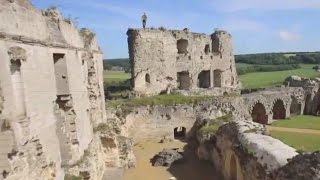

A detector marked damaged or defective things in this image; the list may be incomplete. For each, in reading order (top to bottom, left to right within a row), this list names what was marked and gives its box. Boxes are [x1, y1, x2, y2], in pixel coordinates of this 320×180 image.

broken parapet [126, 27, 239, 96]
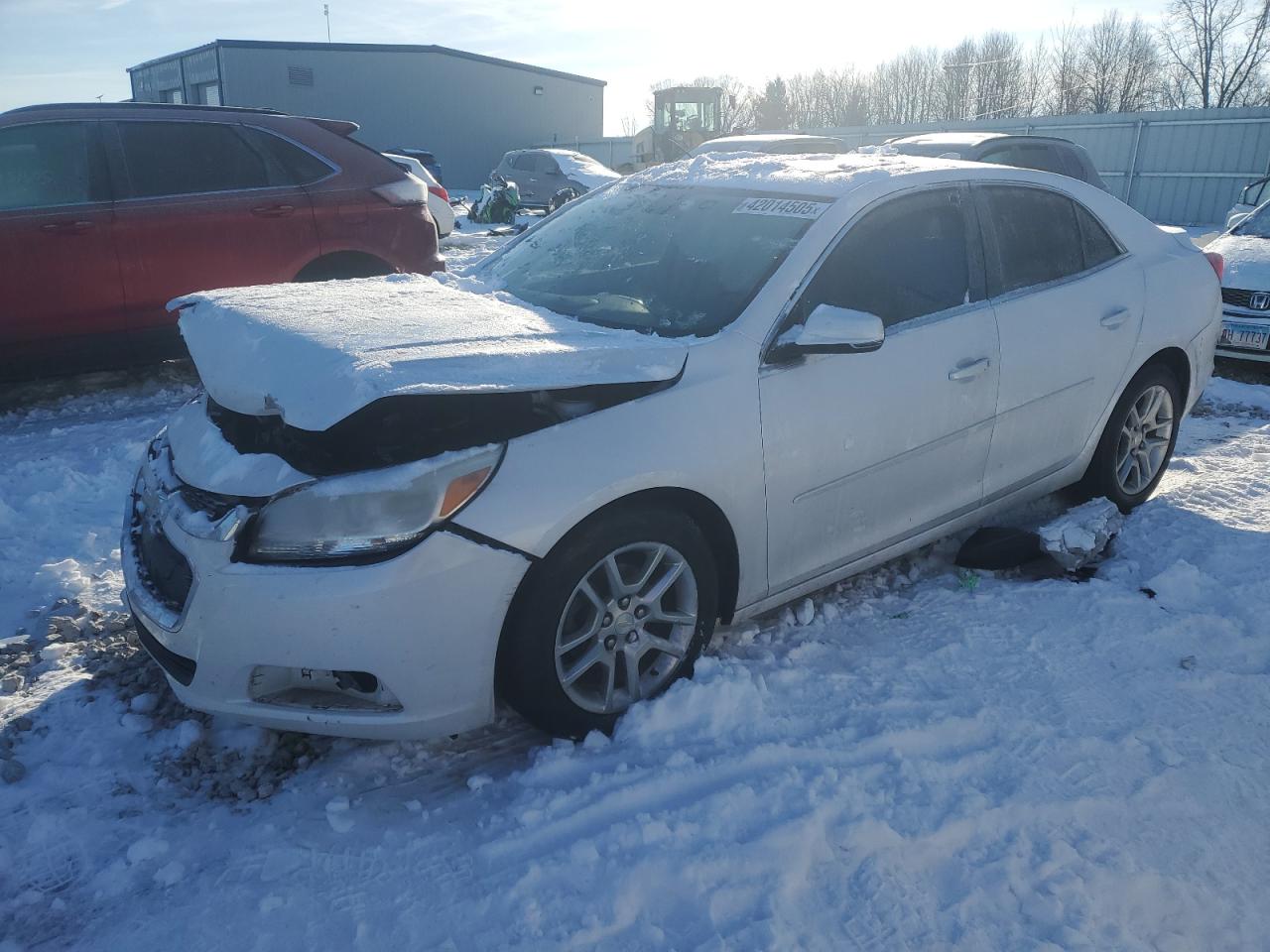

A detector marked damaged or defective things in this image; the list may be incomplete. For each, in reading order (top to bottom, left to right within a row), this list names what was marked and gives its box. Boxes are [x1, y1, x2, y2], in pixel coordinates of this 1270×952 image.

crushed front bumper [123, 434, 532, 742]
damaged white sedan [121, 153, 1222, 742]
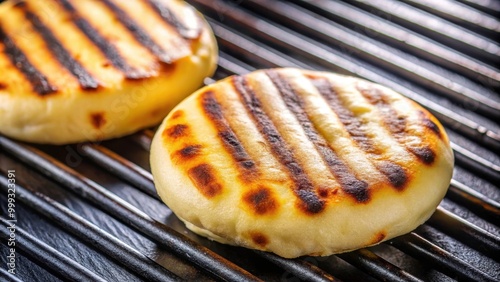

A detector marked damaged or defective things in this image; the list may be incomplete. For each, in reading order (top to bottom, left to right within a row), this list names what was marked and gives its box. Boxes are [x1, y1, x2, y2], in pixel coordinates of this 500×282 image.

- _Task brief_: Copy out the data above exactly, except the pictures.

- _Answer to the problem_:
A detector marked damaged or defective things in this image; the list may be incomplete. For each, in reading order (top to bottom, left to right within a row), this list names what was marked and gives its box. Boxes are [x1, y1, x2, y2], in pixel coordinates of this 320×180 image.

broken parapet [126, 27, 239, 96]

A detector marked damaged or defective things in this image; the list may be incomplete. For each, in reading order (top to bottom, left to right within a row), this list names what was marked and gives its box. Boxes are [x1, y1, x2, y2], in pixel coordinates of this 1270×952 image.

crushed front bumper [123, 434, 532, 742]
damaged white sedan [121, 153, 1222, 742]

A detector marked damaged or defective things in this image; the list may be incomplete. For each, in reading order (top to bottom, left to right within a row), this list names what was marked and gives its box. Boxes are [x1, y1, x2, y2], in pixel coordinates of this 500×282 image.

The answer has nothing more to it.